Huq joins call to scrap 'reading tax'

Huq joins call to scrap 'reading tax'

Konnie Huq delivered a letter to 11 Downing Street today (Thursday 31st October) which demanded that Sajid Javid scrap VAT for e-books.

The television presenter and author was joined by the Publishers Association, The Royal National Institute of Blind People (RNIB) and the National Literacy Trust as she delivered the letter signed by 90 MPs to the Chancellor of the Exchequer’s residence. Signatories included former cabinet ministers Penny Mordaunt, David Mundell and Stephen Crabb.

The PA’s Axe the Reading Tax campaign calls for the removal of VAT on all digital publications to match zero-rated printed books. The campaign, led by PA, says the tax unfairly targets young readers and readers with disabilities.

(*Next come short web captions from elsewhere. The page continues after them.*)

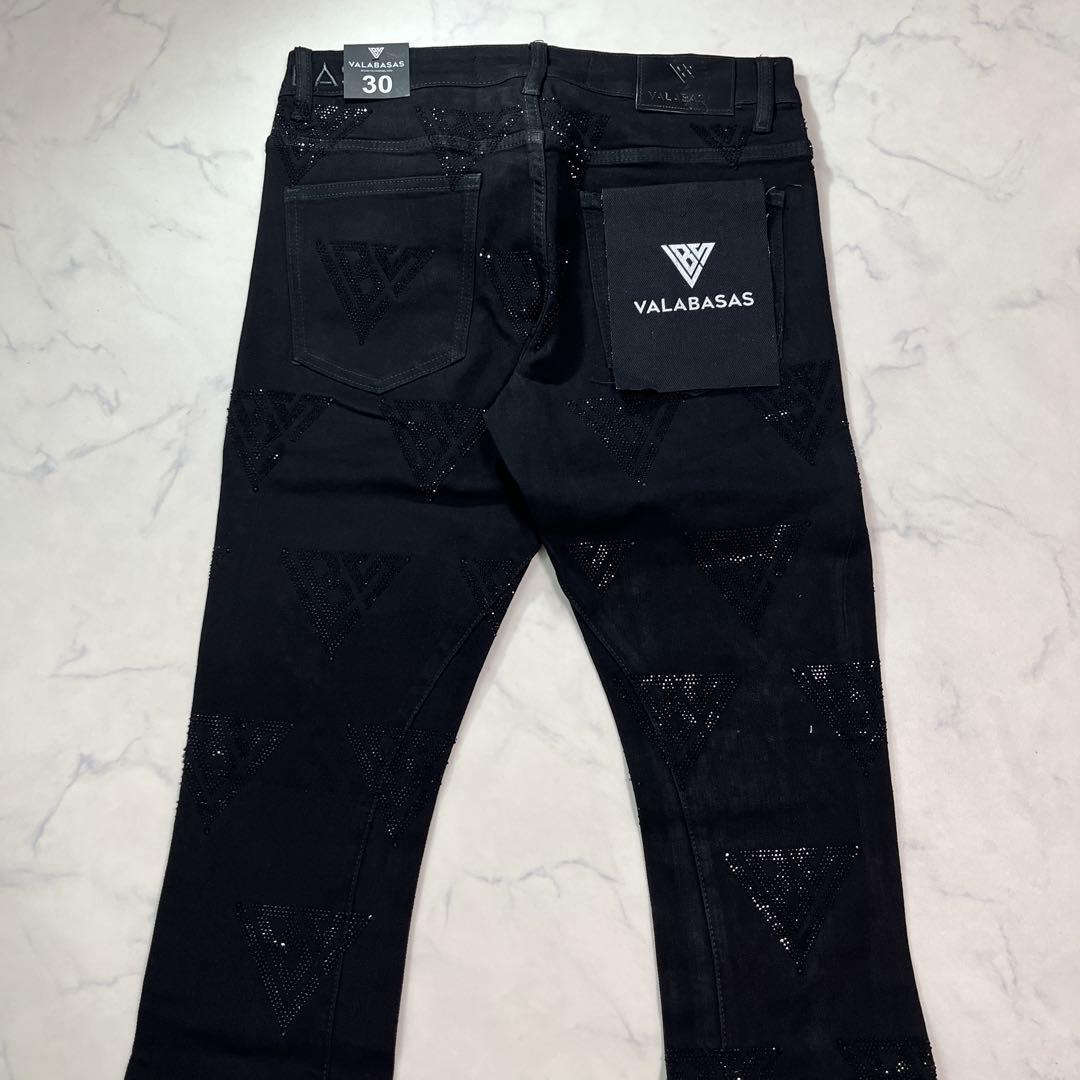 新品バラバサスvalabasas ラインストーンスキニーフレアデニム ブラックM
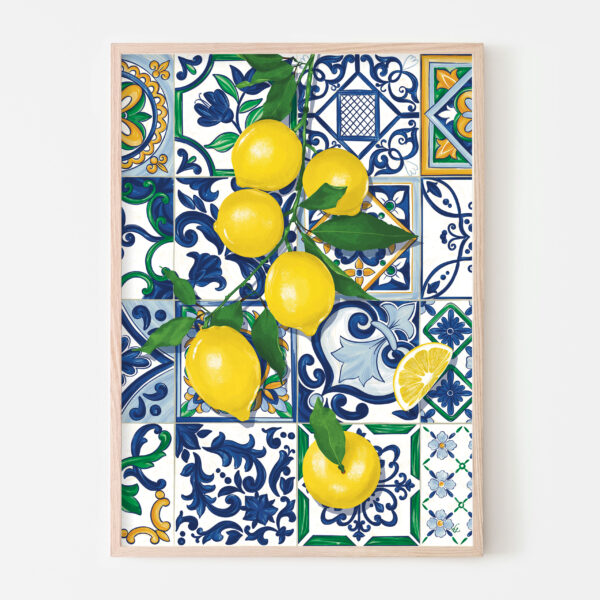 Lemons and Tiles Art Print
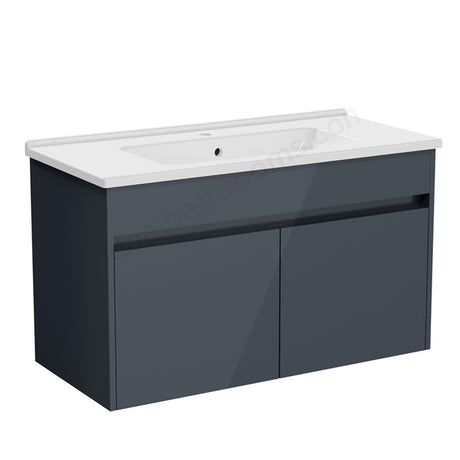 VitrA S50+ Vanity Unit w/ Doors 1000mm - Anthracite High Gloss - 71990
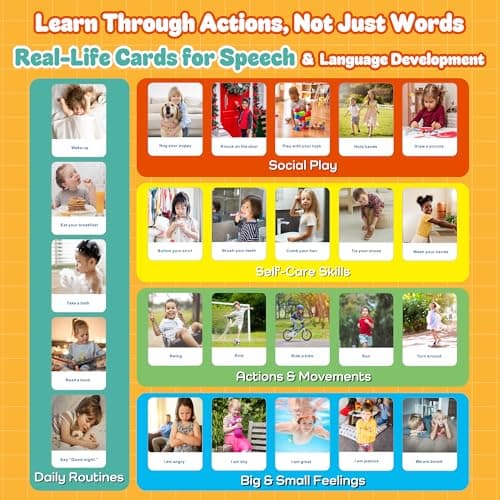 Actions Flash Cards for Kids (Ages 3-7), 50 Real-Life Photo Cards for Speech & Language Development, Based on Total Physical Response (TPR) Learning Approach, Support Daily Feelings - Thumbnail 3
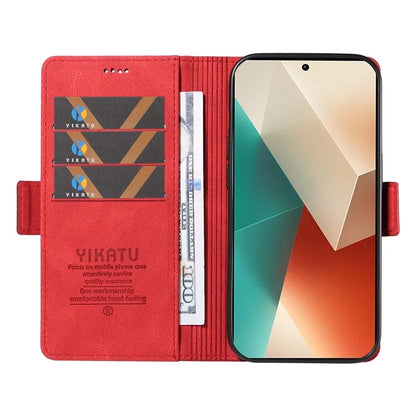 YIKATU YK-005 For Xiaomi Poco X6 5G / Redmi Note 13 Pro 5G Case PU Leather Wallet Phone Cover Skin Touch Feeling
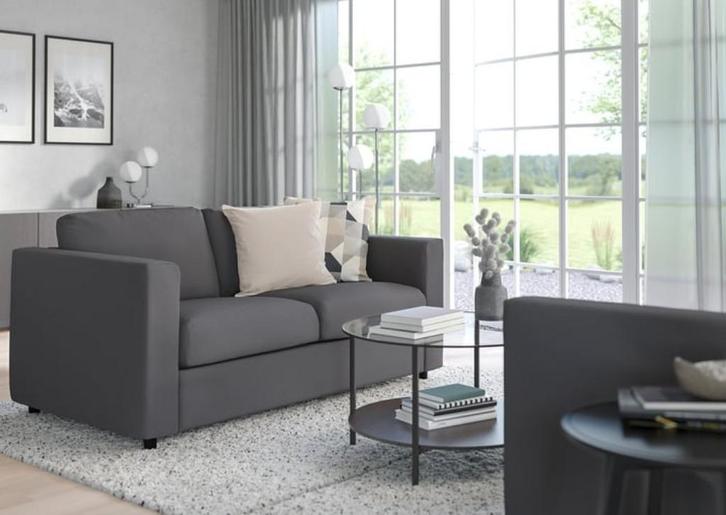 Vimle 2-zitsbank Antraciet - Comfortabel en Stijlvol, Huis en Inrichting, Banken | Bankstellen, Gebruikt, Ophalen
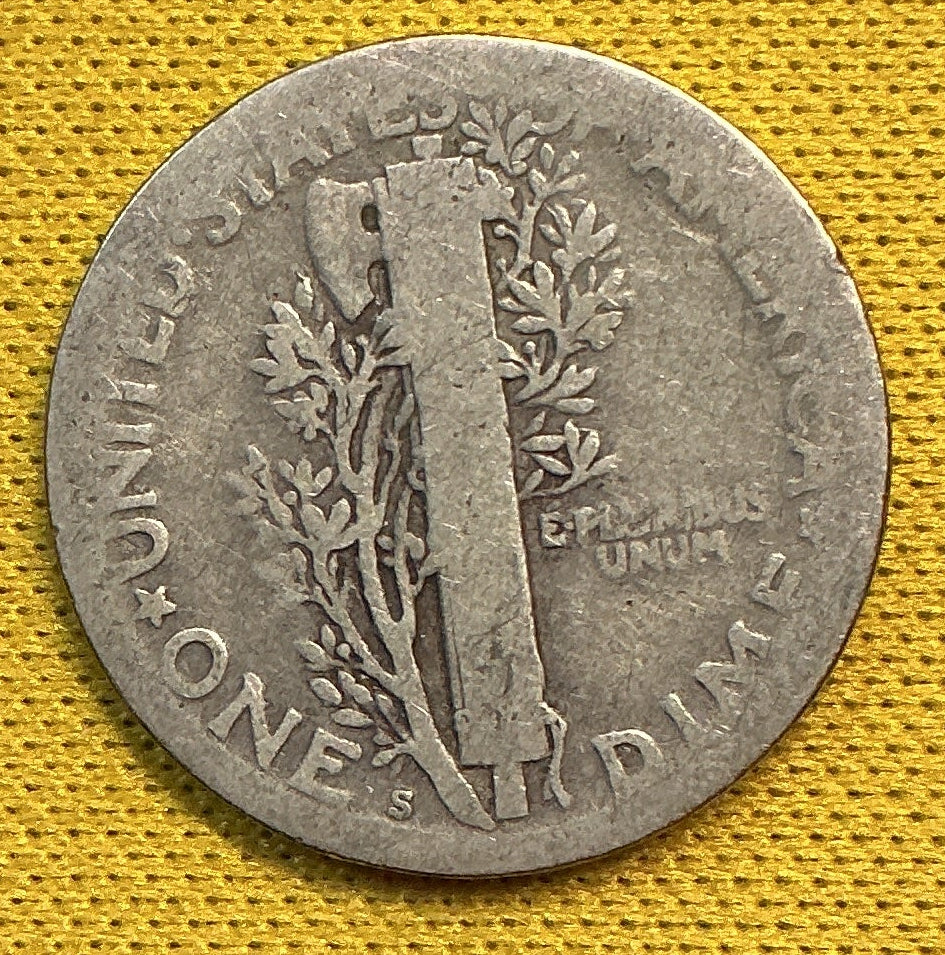1925-S Mercury Dime, Very Good Circulated Coin, Store #DE1150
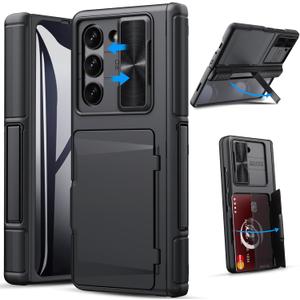 GBEE for Samsung Galaxy Z Fold 5 Case with Kickstand & Screen Protector & Card Holder & Sliding Camera Cover & Hinge Protection, Durable Rugged Stand Wallet Phone Case for Galaxy Z Fold 5 2023, Black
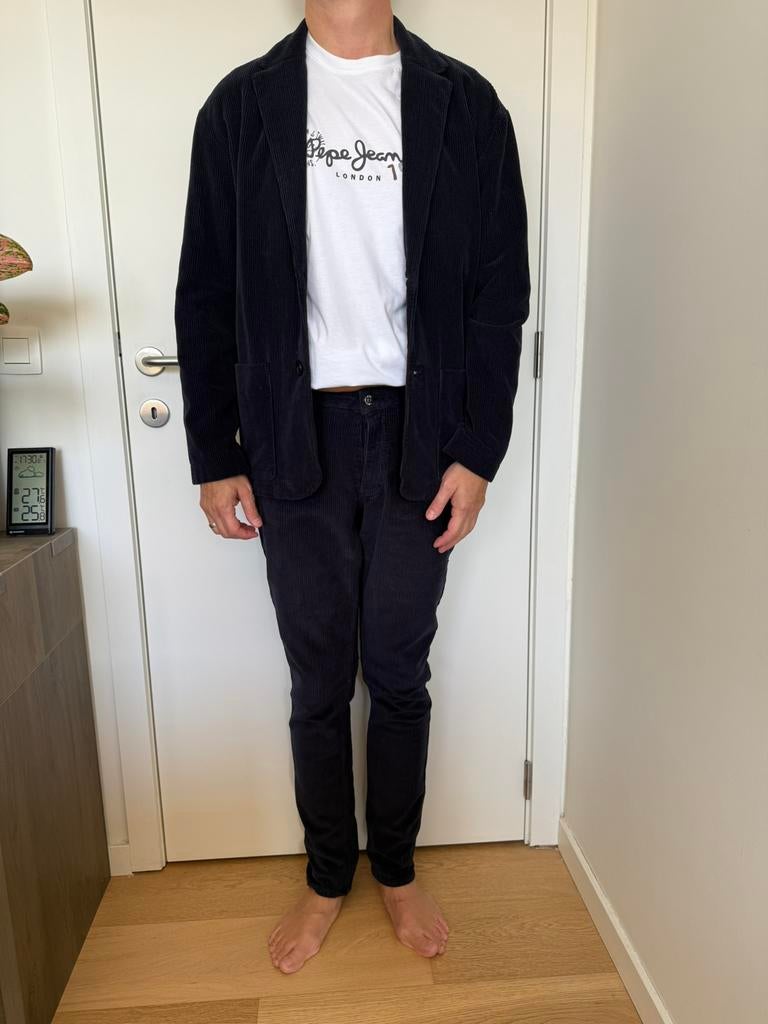 American Vintage blauw corduroy kostuum maat 46/29, Kleding | Heren, Blauw, American Vintage, Ophalen of Verzenden, Zo goed als nieuw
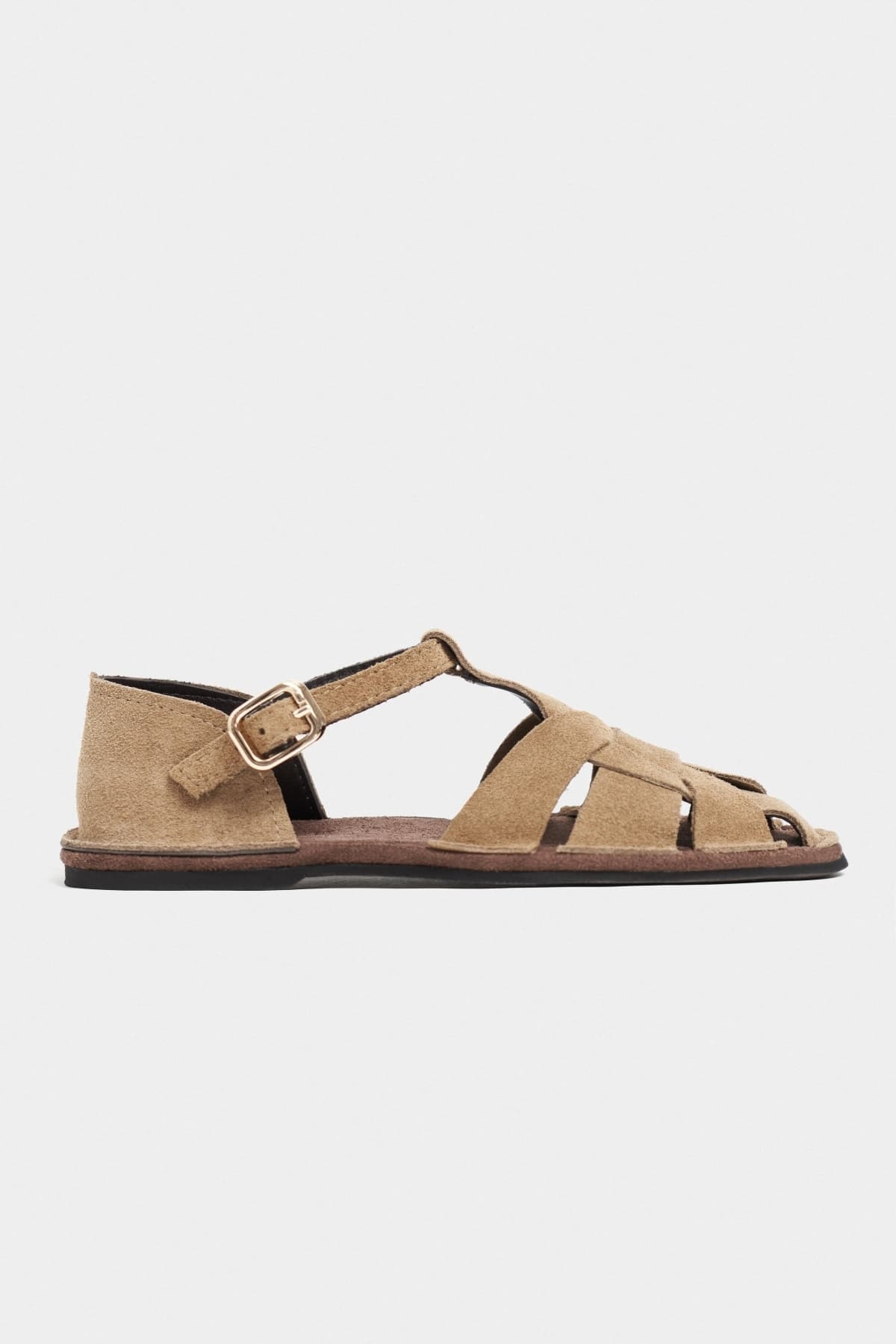 صندل زنانه NİŞANTAŞI SHOES Solto Rome چرمی بژ با جزئیات سگک و کفی تخت صندل زنانه NİŞANTAŞI SHOES Solto Rome چرمی بژ با جزئیات سگک و کفی تخت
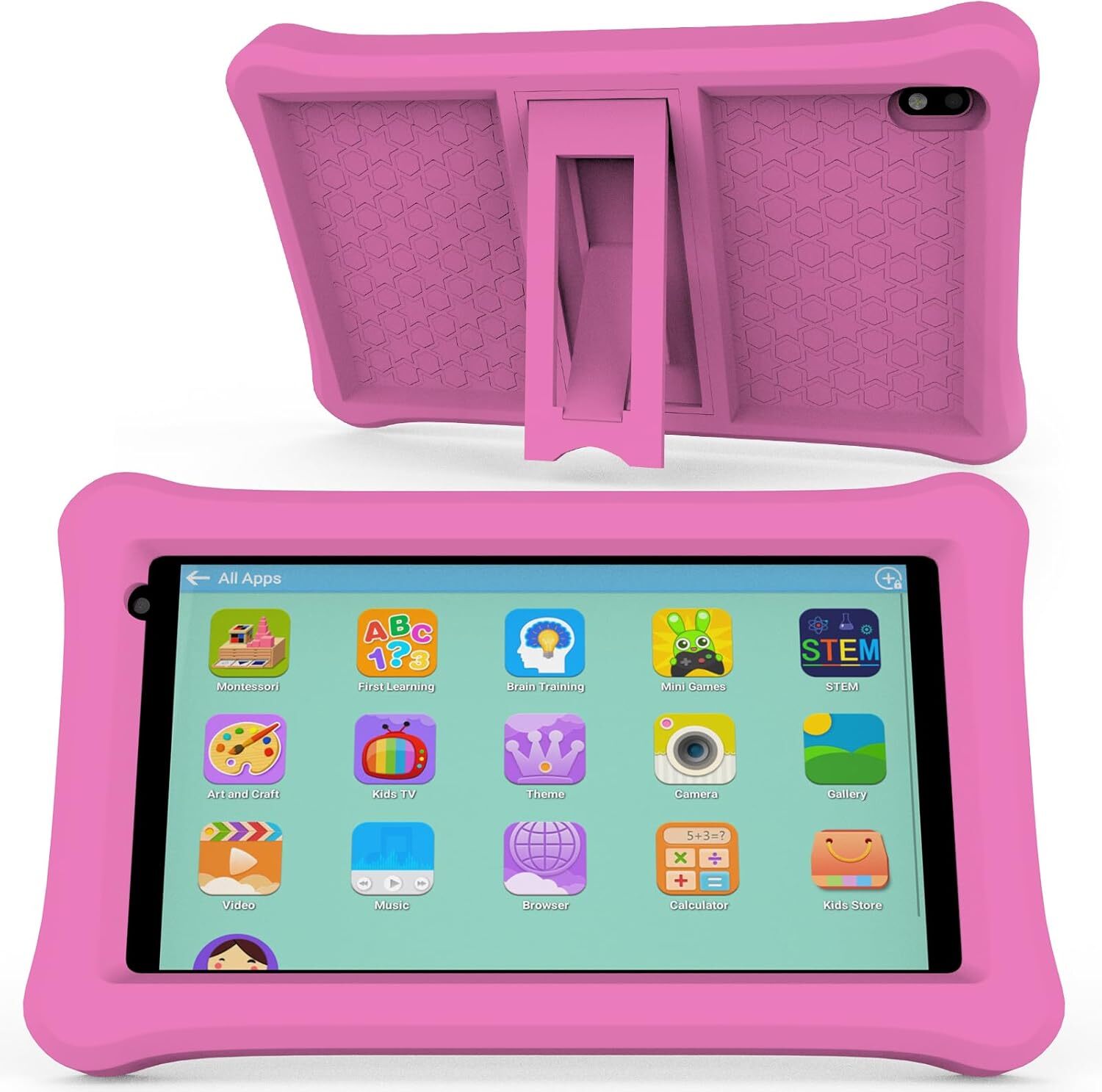 YQSAVIOR Kids Tablet 7 inch, Android 11 for Kids, 16GB Toddler Pink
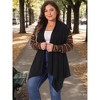 Agnes Orinda Women's Plus Size Christmas Asymmetric Colorblock Open Front Knit Cardigans - 2 of 4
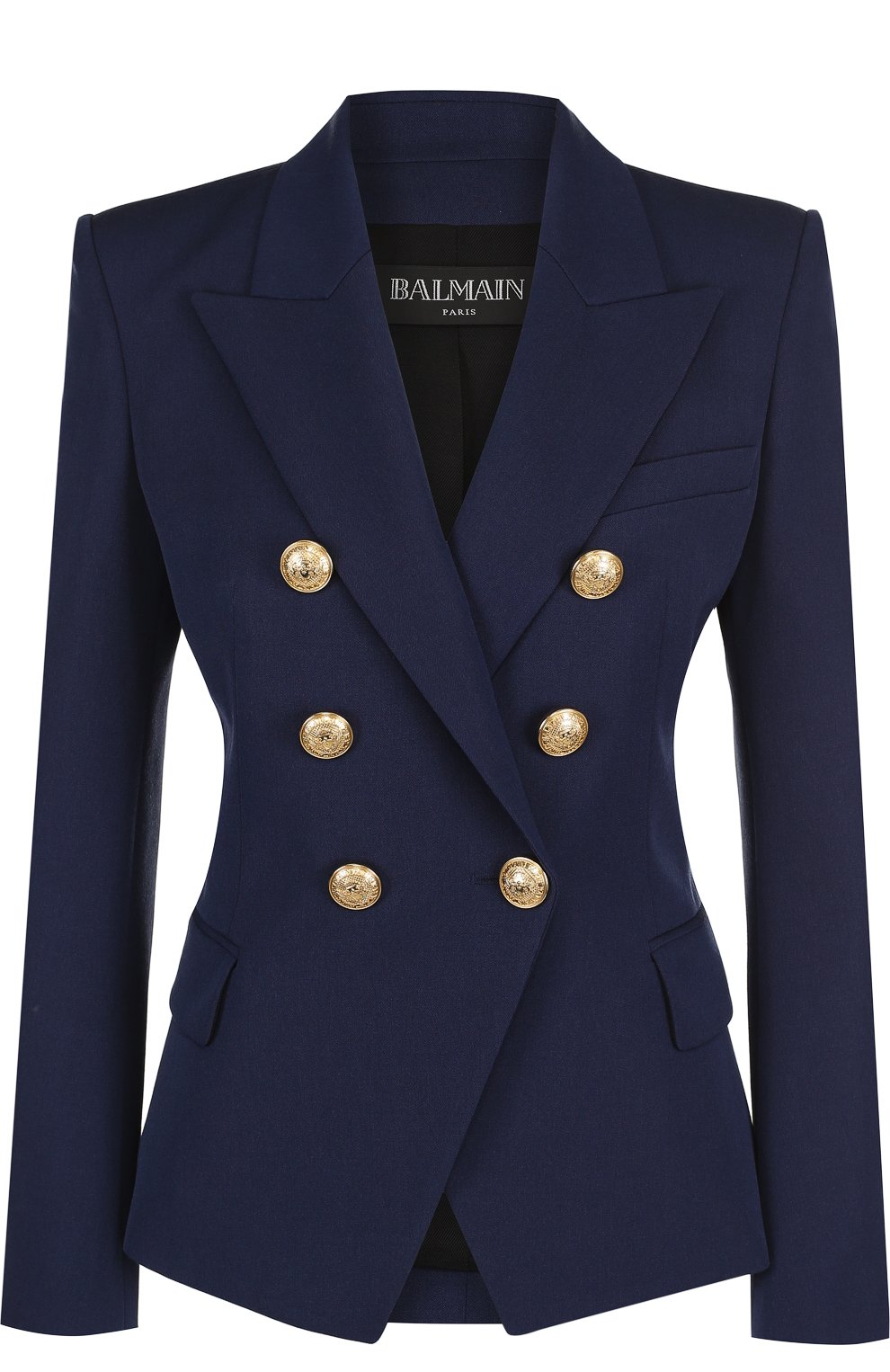 Шерстяной жакет BALMAIN синего цвета по цене 191000 руб., арт. 147130/167L, фото 1 Шерстяной жакет BALMAIN, арт. 147130/167L, фото 1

Last year, the EU Council changed the law to allow member states to reduce the rate of VAT on e-books however the UK Government continues to charge the 20% rate. Since last year Belgium, France, Iceland, Ireland, Italy, Portugal and Malta dropped the charge.

Huq said: “It is fantastic to be in Downing Street today to fight to remove the unfair tax on those who need to read digitally. As both an author and a mum I know how important it is for children to grow up reading, regardless of whether this is on paper or screen. I am proud to be joining the Axe the Reading Tax campaign to help all children and encourage politicians to do their bit.”

RNIB head of policy and public affairs Eleanor Thompson said: “We are delighted to back the campaign to Axe the Reading Tax and join the push to make reading more inclusive. At the moment, only around ten per cent of all titles are available to blind and partially sighted people in a format they can access. eReaders and audiobooks allow people with sight loss to enjoy their favourite books just like everybody else and they should not be charged 20 percent more for this.”

Children’s Laureate Cressida Cowell said: “I hope the Government sees sense and gets rid of the tax on eBooks and audiobooks as soon as it can. Taxing reading makes no sense, especially when it is being felt by those with disabilities and children just starting to understand the joy of reading.”

The PA and members including Hachette UK c.e.o. David Shelley and PRH chief executive Tom Weldon wrote an open letter to Sajid Javid in July, asking to end the VAT charge in his next budget. Last Thursday (24th October), the chancellor announced the budget would be delayed after the Prime Minister’s snap election was voted through Parliament.